I love attending conferences and talks. What's even cooler? I've got to speak at a few! I've found conferences and meetups to be the best ways to network with the community on the latest and greatest technologies. If interested in having me as a speaker, feel free to email me!

FOSSASIA Summit 2020

20 Mar 2020 . LLI, SINGAPORE

Gave a crash course to the TensorFlow ecosystem with some live-coding. My first e-conference talk!

PyCon Educators Summit SG

25 June . *SCAPE, SINGAPORE

Spoke to educators from various schools, universities, and institutions about adding AI courses into their curricula

FOSSASIA Summit 2019

15-16 Mar . LLI, SINGAPORE

Introduction to Machine Learning through the Linear Regression and Single Layer Perceptron models

TensorFlow Meetup

18 Dec . Google APAC HQ, SINGAPORE

Overview of the tools and APIs a friend and I built to simplify learning of ML concepts and TensorFlow/Keras syntax

BuildingBloCS Conference

9 Jun . NUS SoC, SINGAPORE

Introduced secondary students to ML and Data Science with the k-Nearest Neighbours algorithm in Python

Resources

What's better than writing code? Publishing it for the world to see, of course! Notebooks have always been my go-to resource for conference talks and workshops as I can get my ideas across without any fuss. Here are a few of my trending Colab notebooks:

COVID-19 X-ray Classification with CNNs

Here, I build a simple CNN and train on the COVID-19 X-ray dataset. I connect it to TensorBoard and log some custom metrics. I wrote this for my talk at FOSSASIA Summit 2020.

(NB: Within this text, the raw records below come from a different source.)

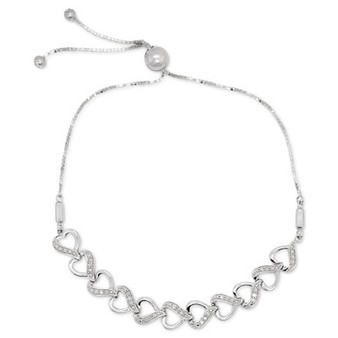Diamond Heart Bolo Bracelet (1/6 ct. t.w.) in Sterling Silver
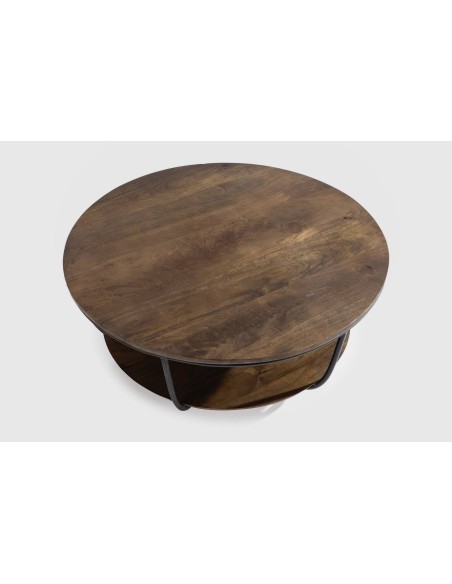 MESA CENTRO REDONDA DELHI 90. MADERA de MANGO y metal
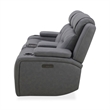 Pemberly Row Dual Zero Gravity Loveseat with Bluetooth Speakers in Gray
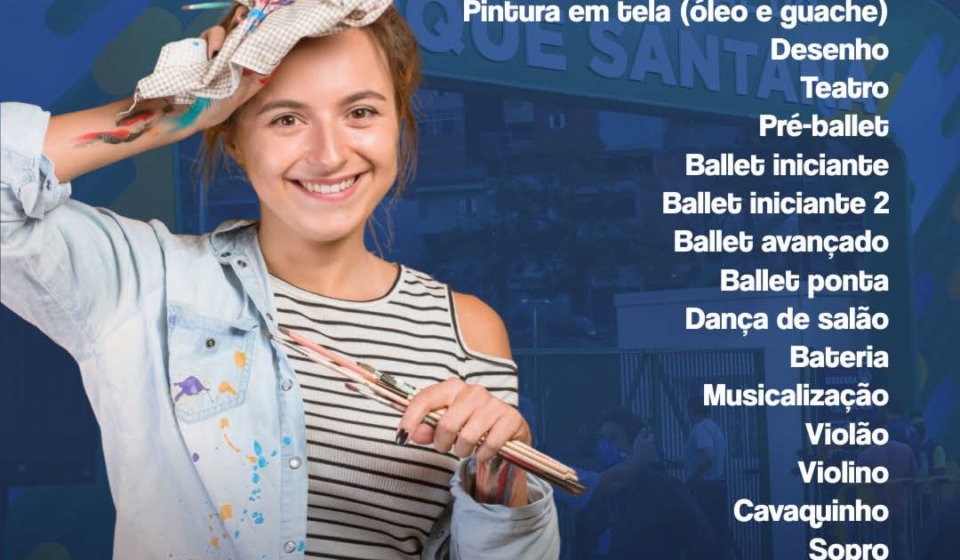 Cursos gratuitos de arte, música e dança estão com inscrições abertas na Estação Cidadania em Santana de Parnaíba.  Foto: Prefeitura De Santana De Parnaíba (Redes Sociais/Reprodução) 🎨🎶💃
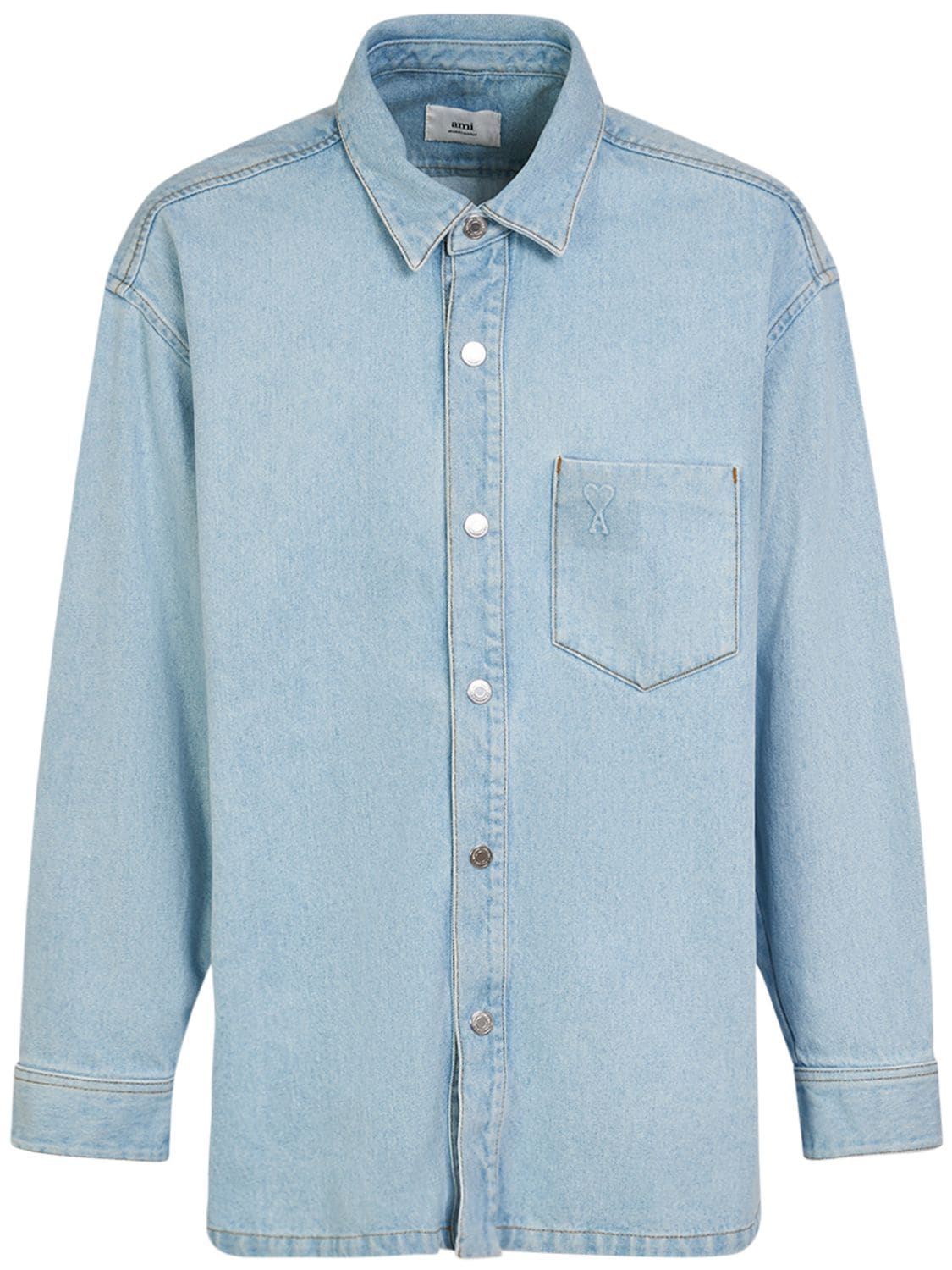 Ami Alexandre Mattiussi Oversized Cotton Denim Overshirt In Blue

Neural Machine Translation in TensorFlow using TPUs

This tutorial covers NMT from English to German. The model is a seq2seq LSTM that's trained on a Cloud TPU. Let's observe how TPU training affects the model's performance.

Single Layer Perceptron in Basic TensorFlow

A short tutorial on data preprocessing and building models with TensorFlow. The notebook covers the basics of numpy and pandas and uses the Iris dataset as reference.

Linear Regression with Numpy

Barebones Linear Regression model built using numpy. Here, I go through the equations and Mean Squared Error loss function to train the model on randomly generated data.